As we await the verdict in the George Zimmerman trial, I have deep reservations that it's not just the guilt or innocence of Mr. Zimmerman that will ultimately be decided but our collective guilt or innocence as nation; a nation that continues to target young black men as dangerous, criminal and violent. Indeed, my own life journey has caused me to be the victim of brutality at the hands of law enforcement and members in my own community. On the count of marginalizing young black men the verdict is already in...and we're guilty.
The persistent portrayal of Trayvon Martin and other black male youth by everyday Americans and the media as violent, dangerous and as the "other" has eroded the moral character of our nation and has left us unwilling and unable to see their humanity and care about their lives. For so many of us, black and brown youth are the perfect scapegoats for our deepest and ugliest racial hang-ups and animosities.
But Trayvon Martin is not a scapegoat. He was a real human being -- a high school student not unlike any other American teenager. He was not this dark monster that the media portrayed. He was a 17 year-old kid with a sweet tooth. One rainy night, he decided to throw on an over-sized hoody and run to buy Skittles and iced-tea. His actions were not menacing, but his mere presence in a community caused him to lose his life.
Young black men, not unlike Trayvon, have become the perfect foils for those in power to scare up votes by playing to people's fears and insecurities. They are the convenient whipping boys for an irresponsible media that lusts for stories that can be portrayed in black and white terms. It is as though by targeting them as the "problem" we are able absolve ourselves of the moral responsibility to build better communities and a better nation.
At the turn of the last century, W.E.B. Dubois asked a troubling but prophetic question of Black America as he attempted to draw the rest of America into a dialogue about race. He poignantly asked, "How does it feel to be the problem?" A century later we are still waiting for an answer. We are still waiting for a verdict.

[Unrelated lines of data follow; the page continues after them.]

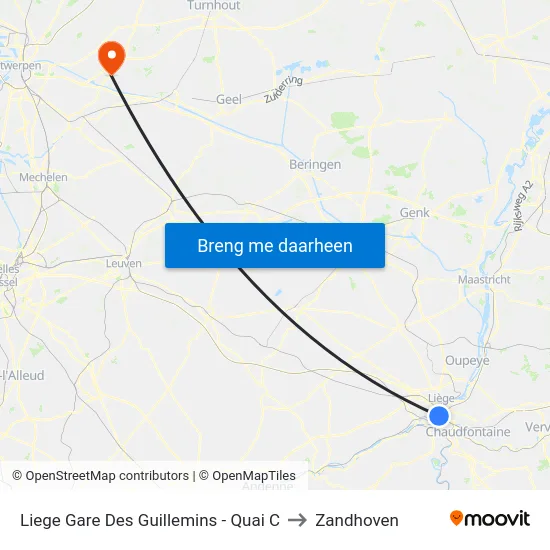 Liege Gare Des Guillemins - Quai C to Zandhoven map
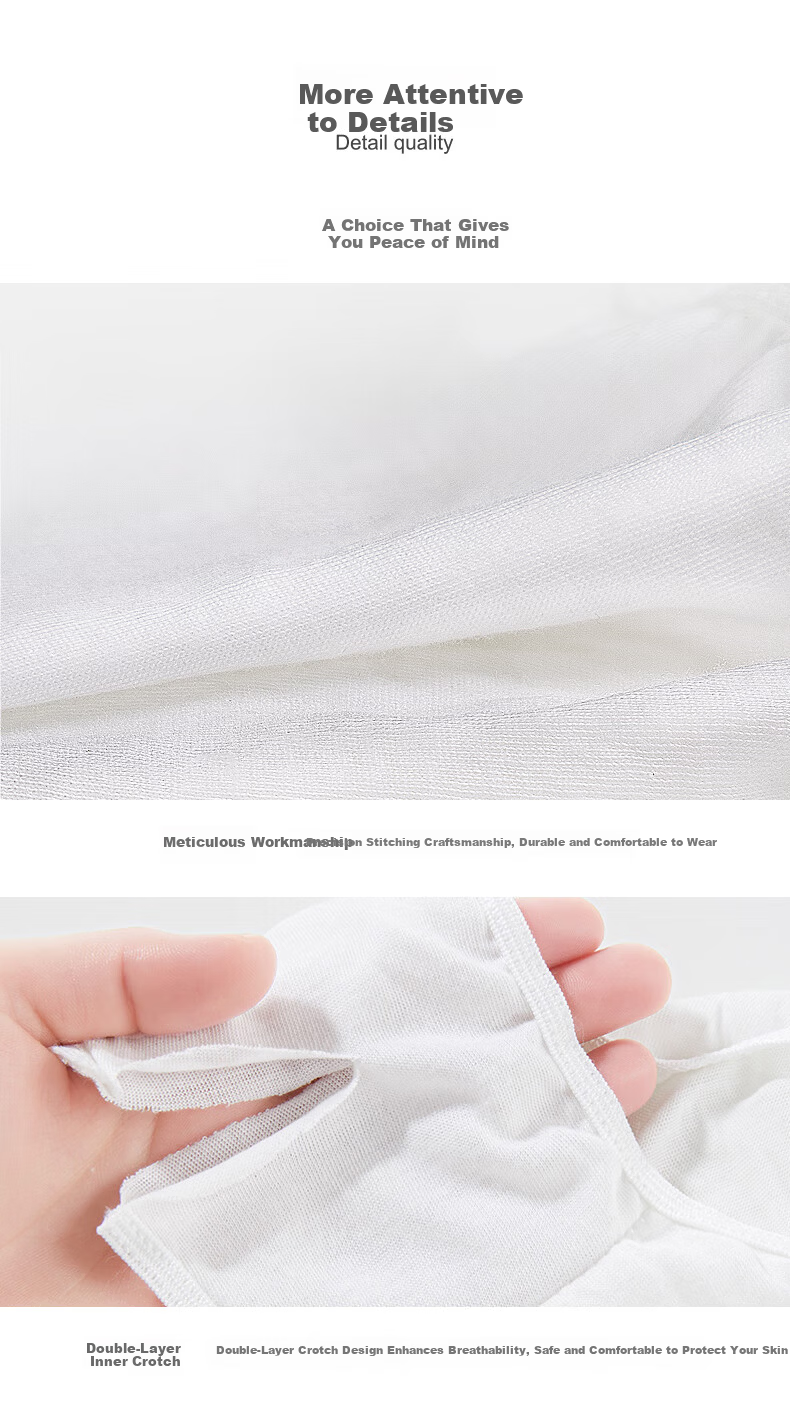 JiaTu Pure Cotton Disposable Men's Boxer Briefs Wash-Free Travel Portable Underwear White Size L 6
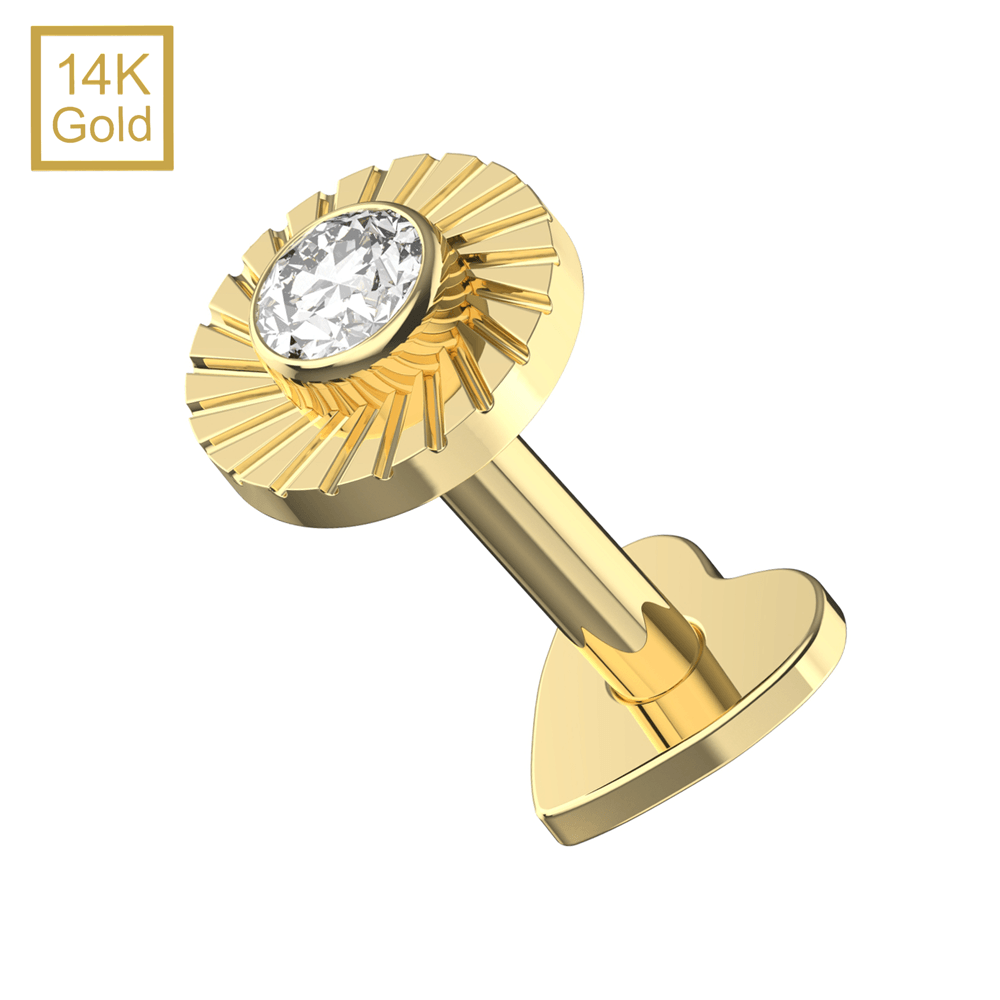 14K Gold CZ Jeweled Laser Cut Button Top With Internal Thread Base Labret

But for those of us who have been working on the frontlines of youth violence and mass incarceration we believe to move forward in the work of keeping young people alive and free, it's not about the verdict, it's about our values! It's about valuing the lives of young men of color. It's about seeing them as integral to the health and vitality of our communities. It's about valuing their humanity and caring about their needs, their struggles and their futures.
At moments such as this, when our national attention is focused on the intersection of race and violence, my prayer is that we constructively channel our energies into solidarity around work that will demonstrate our capacity to dignify and value young black men. We must channel ourselves into work that will create safer communities through sensible gun laws. We must channel ourselves into work for sentencing reform and other measures to keep youth of color from filling up our jails and prison. We must channel ourselves into work to create more educational and employment opportunities.
As voices of moral authority, it's past time for clergy and religious leaders to move beyond simply encouraging their congregations to act, but to step down from the pulpit and lead by example to ensure all of God's children are alive and free, whether they're black, brown or white; wearing a hoodie or a business suit.
In the final analysis, it's not about the verdict, it's about our collective values. Are we, as a nation, willing to value young black life? Are we willing to amplify these values through our personal relationships, public policies, and justice systems?
Are we willing to appeal the guilty verdict?